Hasilnya mencerminkan hasil yang ditemukan oleh peneliti yang sama di antara pasien dengan jenis sel darah lain, atau kanker sel B, tetapi sangat menggembirakan karena strategi imunoterapi sebelumnya belum sekuat kanker ini bila diterapkan pada limfoma non Hodgkin. Percobaan ini memberikan dukungan tambahan untuk gagasan bahwa sel kekebalan dapat dilatih dengan baik untuk mengenali dan menghancurkan kanker - dalam hal ini, dengan bantuan sel T yang dimanipulasi secara genetik. Hasilnya menunjukkan bahwa dokter memang dapat memberikan pengaruh yang besar agar tubuh dapat melawan kanker dengan cara yang sama seperti menangani patogen seperti bakteri dan virus.
Hasilnya juga memberikan informasi yang sangat dibutuhkan tentang cara mengoptimalkan strategi untuk berbagai jenis kanker. Temuan ini menunjukkan, misalnya, bahwa untuk lebih sulit mengobati limfoma non Hodgkin, kemoterapi kombinasi untuk menghilangkan sebanyak mungkin kanker yang ada, sebelum sel-sel kekebalan diperkenalkan kembali, mungkin menjadi kunci untuk membantu lebih banyak pasien dengan kondisi tersebut. untuk memperlambat perkembangan penyakit mereka atau bahkan mencapai remisi.
Meskipun efektif, terapi ini juga memiliki sisi negatif. Karena sel T adalah agen penghancur, mereka dapat memicu efek samping seperti demam dan peradangan saat mereka menangani sel kanker.

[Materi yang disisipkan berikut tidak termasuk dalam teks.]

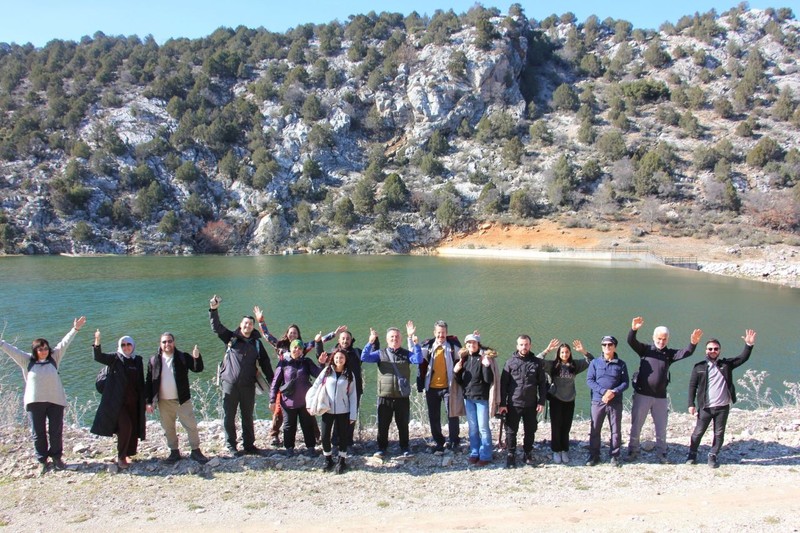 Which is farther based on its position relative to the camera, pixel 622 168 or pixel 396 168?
pixel 396 168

Dua puluh dari 32 orang dalam uji coba mengembangkan tanda-tanda peradangan dan tekanan darah rendah, dengan empat orang mengalami gejala yang cukup parah sehingga mereka membutuhkan waktu di unit perawatan intensif dan pengobatan dengan steroid. Dua orang juga mengembangkan efek toksik dari pengobatan yang mengakibatkan tremor atau masalah bahasa, tetapi ini dapat disembuhkan. Dua orang yang diberi dosis tertinggi dari terapi sel T meninggal; satu pendarahan dan satu lagi dari pendarahan akibat massa usus.
Para ilmuwan berharap. Namun, penelitian lebih lanjut akan membantu mereka mengetahui rejimen kemoterapi yang tepat dan dosis sel T yang tepat untuk mencapai hasil terbaik dengan efek samping paling sedikit. “Kami sangat terdorong oleh tanggapan ini,” kata Dr. Stanley Riddell, salah satu penulis bersama dari Fred Hutchinson. “Semua pasien ini gagal dalam terapi konvensional; kami merawat pasien yang tidak memiliki banyak pilihan untuk perawatan. Jelas ini masih awal, dan kami membutuhkan tindak lanjut yang lebih lama dan perlu memahami lebih lanjut tentang kapan pasien berada dalam perjalanan penyakit adalah waktu terbaik untuk menggunakan jenis terapi ini, tetapi kami yakin hal itu menggembirakan. ”
Gugi Health: Improve your health, one day at a time!